Academic: Work Experience Year 10 - 2017

Updated: Tue 17 Jan 2017   Share: Share on facebookShare on TwitterShare on MySpaceShare by Email



“Any Work Experience is invaluable.  I look at a CV and the first thing I see is Work Experience.  I will take someone on if they have had no experience in a kitchen, if they can prove they have got off their backside stacking shelves or being a paper boy.  It’s a simple life skill even if it’s not your first choice of a job.”

Michael Roux, Michelin Chef, ‘This Week’ Feb 2012 BBC1


When can you observe an operation at a veterinary practice, work in a fire station, or commute each day to a leading city banking firm? The answer is, by participating in the school’s annual Work Experience; these are just some of the occupations that current Year 11’s carried out during the Work Experience programme in June 2016.

As usual, the students rose to the challenge by going out into the work place and experiencing life outside the comfortable environment of school which can be both a revealing and rewarding experience.  Although the students are not necessarily doing a job that might be their chosen career, there are many benefits to be had; from renewing learning and motivation in the classroom, to teaching life skills and attributes that can be adapted and used in any future chosen training or profession.  Work Experience is no longer seen as CV fodder; this important curriculum dimension can really help students understand and acclimatise to the world of work not to mention the important social and cultural aspects.  For some students, Work Experience will be the first time they have come into contact with adults other than family members or teachers.  It’s not just social skills that are picked up; students are able to apply subject knowledge and expertise, both of which are an excellent way of raising self-esteem, confidence and independence - virtues that can be as important as academic qualifications.  They are able to make more informed career choices without long term commitment and after all, it may help decide what not to do as well as enthuse and inspire them in their chosen career area.

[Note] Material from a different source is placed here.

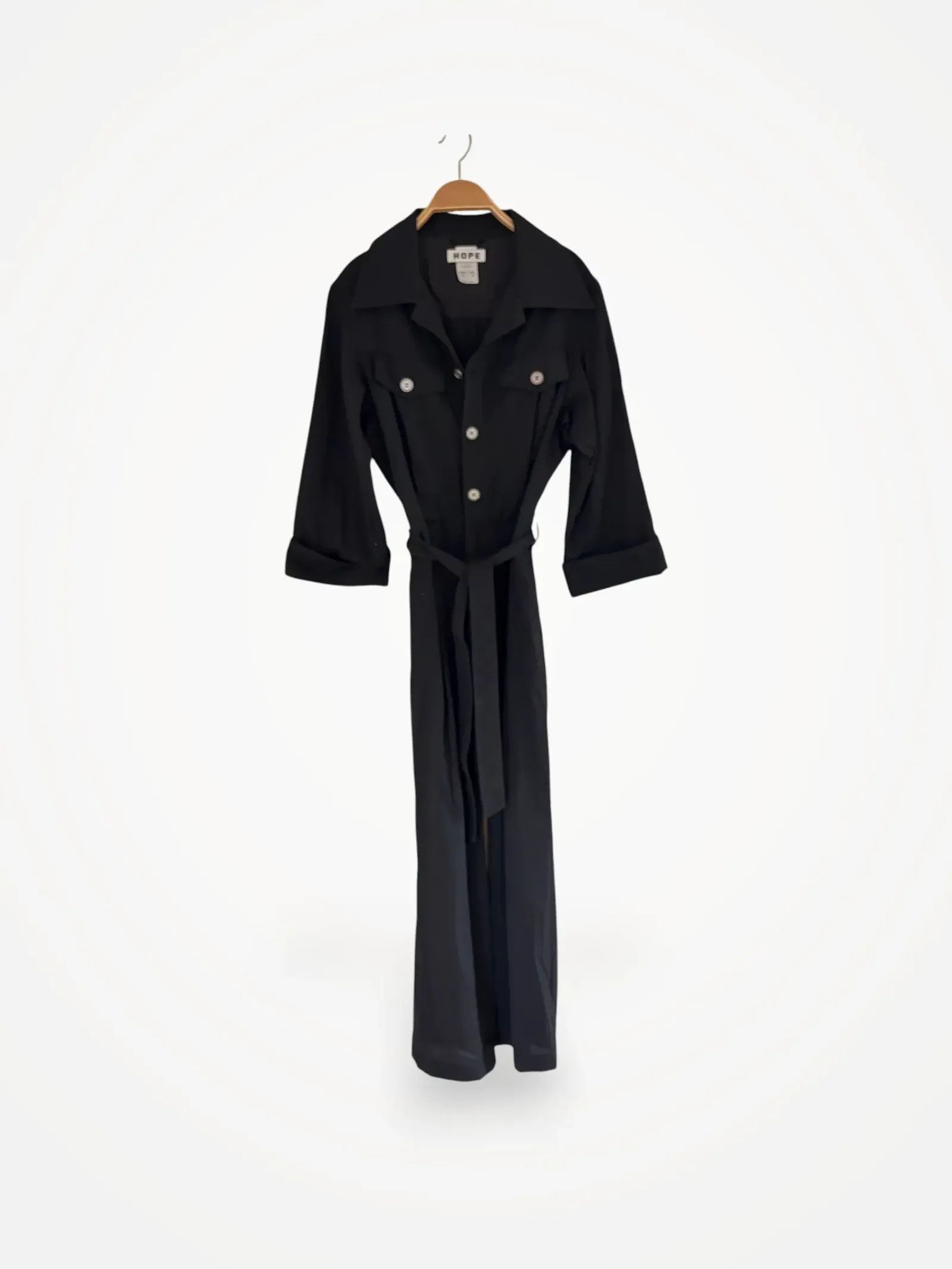 Hope Hope Jumpsuit Size 27" / US 4 / IT 40 - 1 Thumbnail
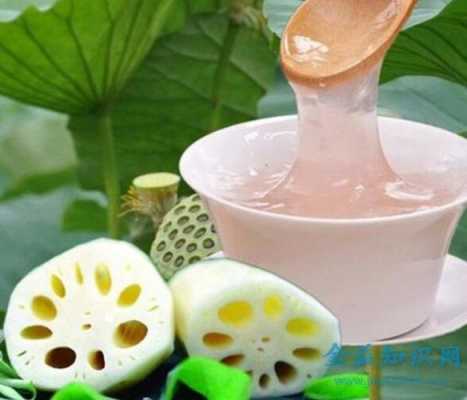 孕期能吃藕粉吗(哺乳期可以吃藕粉吗?会回奶么) 第2张 孕期能吃藕粉吗(哺乳期可以吃藕粉吗?会回奶么) 第2张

A successful period of Work Experience and a good reference can be a valuable asset for a student, giving them a competitive edge at either a job or university interview.   A stressed job market and high university fees means that a period of informal employment or internship might be crucial if our young people are to succeed and establish themselves.  The Work Experience programme and its importance should not be under-estimated and for students who embrace the initiative, the rewards are high.  It could even lead to some paid part-time work or an apprenticeship – there have been at least two students who have successfully turned their placement into an apprenticeship. Many of our intrepid Duke of Edinburgh explorers who undertook their bronze qualifying trip instead of Work Experience, recognise its importance and have asked for help with informal, summer, voluntary work.  This shows a very mature and forward thinking attitude and prospective employers can easily recognise motivation and interest in a student.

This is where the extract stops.